Послышались тяжелые шаги, и к девушкам, столпившимся в колоннаде, подбежал бритый наголо женоподобный толстяк в белоснежном, как у Никареты, хитоне. Двигался он удивительно легко и мягко, но стремительно, словно катился белый шар. Пухлая рука вроде бы лишь слегка коснулась Фатсы и смуглянки, однако те разлетелись в стороны, да так и замерли, не решаясь подняться и с опаской поглядывая на незнакомца.

— Это Херея — наш главный смотритель, ведающий наказаниями, — спокойно пояснила Никарета. — Вы можете не опасаться, что он станет заглядывать вам под хитоны, ведь Херея — евнух, полумуж. Однако опасайтесь оказаться в его руках, нарушив правила школы! По неопытности эти две дурочки легко отделаются, однако Херея может и высечь любую из вас, и бросить в темницу. Мы применяем эти наказания за драку, кражу или скандал. В первый раз — верхняя темница, второй — порка, но если кому-то и впредь неймется, отправляем в нижнюю темницу, или темницу кошмаров, в которой начинаешь мечтать о порке… Тех, кто остается после темницы кошмаров в живых, мы изгоняем из школы. Путь изгнанных прямиком лежит в порты, где они пополняют ряды многочисленных дешевых шлюх, которые продают себя за ничтожную плату кому попало. Этих позорных денег им не хватает даже на то, чтобы снять себе жилье. Век столь жалких созданий весьма краток. Поэтому всем нашим воспитанницам я всегда говорю: ведите себя благопристойно, впитывайте знания, которые вам будут давать, — и вы станете такой же гордостью Эллады, как первая Никарета, основательница школы, или Таис Афинская, прозванная четвертой харитой [28], или Фрина — эти две великие гетеры время от времени будут вашими наставницами, — или знаменитая поэтесса Сафо, которая тоже обучалась в стенах нашей школы, хотя и предпочла потом служение музам служению Афродите Пандемос, или Мегалострата, вдохновлявшая своей красотой поэта Алкмана, автора мудрейших строк:

На земле священной

Нет ни распри неизбывной,

Ни неизменной любви;

Переменчивый ум человеку

Даруют боги…

Девушки переглянулись, кое-кто хихикнул. Никарета на миг нахмурилась, но тут же лоб ее разгладился. Она жестом отпустила Херею, который мягко и плавно удалился, вновь являя собою образ нерушимого благодушия, и приветливо улыбнулась:

— Встаньте, девушки. Чтобы у вас не было споров из-за имени Астерис, забудем о нем. Отныне ты, Фатса, назовешься Нофаро, кувшинка, ведь ты кругленькая и беленькая, как этот цветок, а ты, драчливая смуглянка, будешь зваться Маура, черная. Теперь я даю всем остальным время подумать над своими новыми именами. Позабудьте, что когда-то вас звали Евдома, Телефтая, Хойридья, Алого и тому подобное!

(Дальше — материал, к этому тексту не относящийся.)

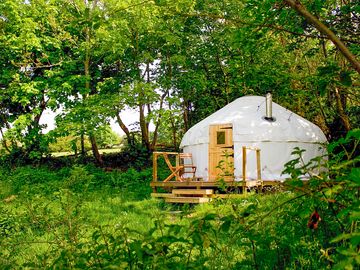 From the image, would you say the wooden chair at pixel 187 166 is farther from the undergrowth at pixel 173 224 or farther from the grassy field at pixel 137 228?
the grassy field at pixel 137 228

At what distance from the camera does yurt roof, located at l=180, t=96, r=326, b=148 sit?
472 inches

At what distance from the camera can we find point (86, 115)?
51.9 feet

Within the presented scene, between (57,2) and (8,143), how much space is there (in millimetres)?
7640

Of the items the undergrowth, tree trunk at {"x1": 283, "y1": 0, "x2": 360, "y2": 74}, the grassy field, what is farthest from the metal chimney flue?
tree trunk at {"x1": 283, "y1": 0, "x2": 360, "y2": 74}

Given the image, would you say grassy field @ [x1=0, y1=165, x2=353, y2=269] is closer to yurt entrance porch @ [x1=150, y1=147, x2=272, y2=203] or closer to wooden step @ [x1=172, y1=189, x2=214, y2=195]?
yurt entrance porch @ [x1=150, y1=147, x2=272, y2=203]

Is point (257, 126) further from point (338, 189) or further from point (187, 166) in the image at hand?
point (338, 189)

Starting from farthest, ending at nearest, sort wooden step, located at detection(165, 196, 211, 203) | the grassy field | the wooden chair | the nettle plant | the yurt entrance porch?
1. the wooden chair
2. the yurt entrance porch
3. wooden step, located at detection(165, 196, 211, 203)
4. the grassy field
5. the nettle plant

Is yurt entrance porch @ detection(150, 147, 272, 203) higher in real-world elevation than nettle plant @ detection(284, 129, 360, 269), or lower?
lower

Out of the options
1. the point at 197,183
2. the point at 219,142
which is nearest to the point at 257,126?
the point at 219,142

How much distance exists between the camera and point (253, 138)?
39.0 feet

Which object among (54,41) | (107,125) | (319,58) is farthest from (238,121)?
(54,41)

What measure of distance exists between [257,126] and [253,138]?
0.43 m

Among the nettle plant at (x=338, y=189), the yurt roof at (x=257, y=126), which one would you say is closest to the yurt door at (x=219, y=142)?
the yurt roof at (x=257, y=126)

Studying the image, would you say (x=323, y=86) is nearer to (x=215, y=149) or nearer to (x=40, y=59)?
(x=215, y=149) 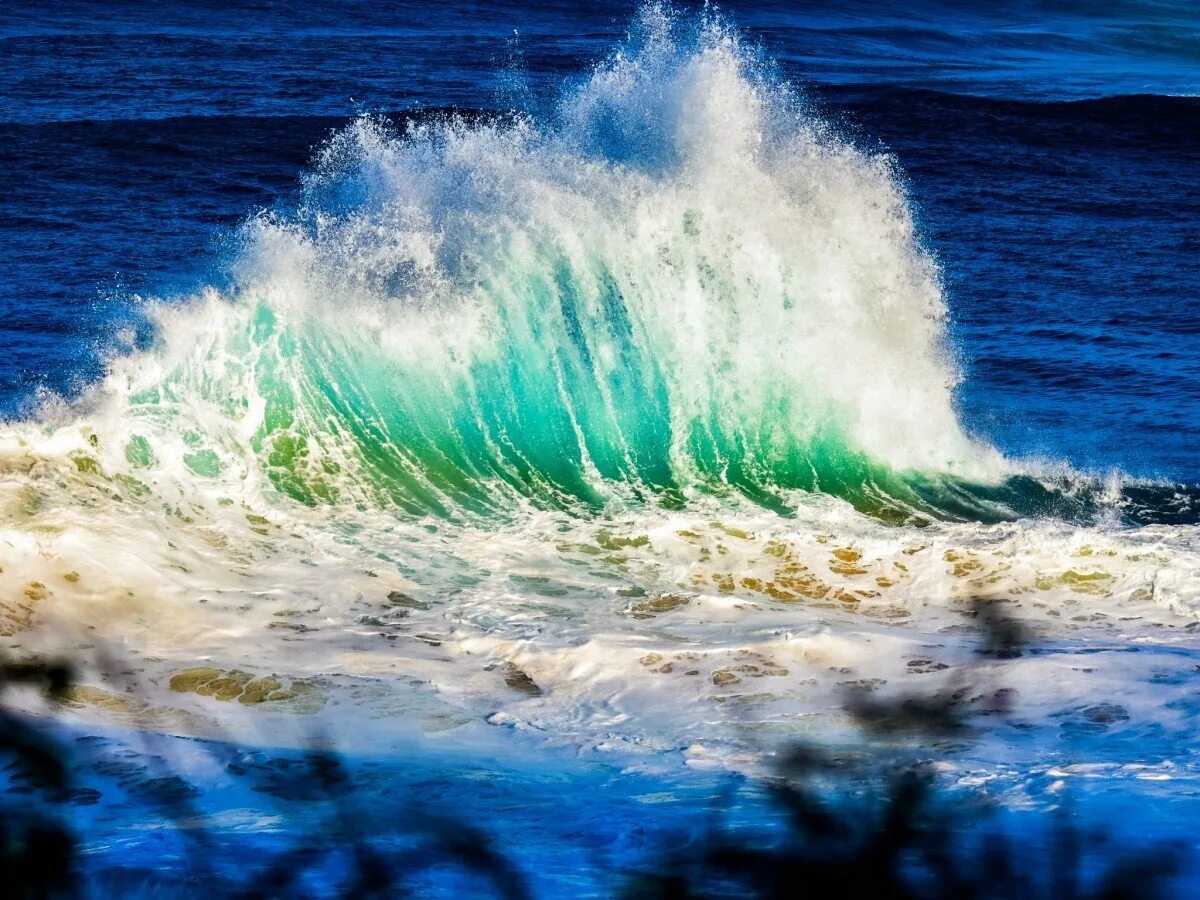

Девушки расхохотались, переглядываясь. Что ж, Седьмая, Последыш, Поросенок, Лошадка и впрямь были очень распространенными именами в эллинских семьях, и даже кое-кого из присутствующих здесь в самом деле звали так. Некоторые сохраняли свои детские, порою нелепые, имена на всю жизнь, но многие пользовались случаем сменить их. И девушки откровенно обрадовались, узнав, что это — непременное условие для них.

— Думайте, думайте, — настойчиво сказала Никарета. — А пока вы думаете и пока рабыни готовят для вас спальни, продолжим разговор о языке. Можете считать это нашей первой матиомой [29]красноречия! Умение правильно и красиво излагать свои мысли, живописать свое настроение и возвышенно поведать любовнику о том, какие чувства он у тебя вызывает, — одно из непременных умений гетеры. Красноречие и поэзия будут в числе тех искусств, которые вам придется изучать.

— Красноречие и поэзия?! — изумленно повторила Нофаро, совсем надавно звавшаяся Фатсой. — О великие боги! Но ведь женщины должны в лучшем случае уметь читать по слогам и немножко считать!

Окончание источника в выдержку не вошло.